* [Exercise brief] What you return should be the full listing, copied exactly and stripped of its pictures.

* [Dataset content]
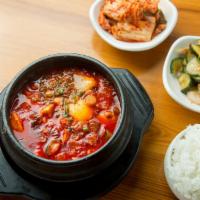 Budae Jjigae · Pork, kimchi, ham, cheese, tofu stew and noodles.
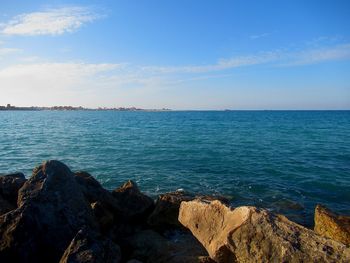 Scenic view of sea against blue sky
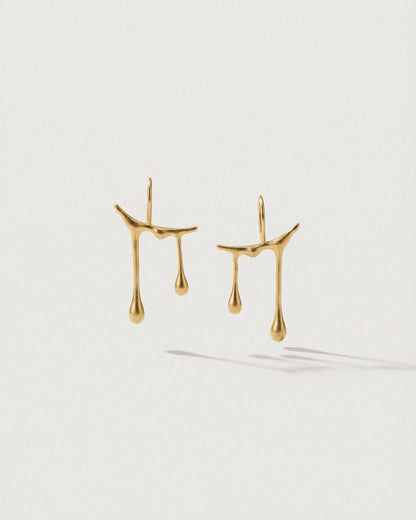 Chopin Raindrop Gold earrings on a white background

* [Expected answer]
 Budae Jjigae · Pork, kimchi, ham, cheese, tofu stew and noodles.
 Scenic view of sea against blue sky
 Chopin Raindrop Gold earrings on a white background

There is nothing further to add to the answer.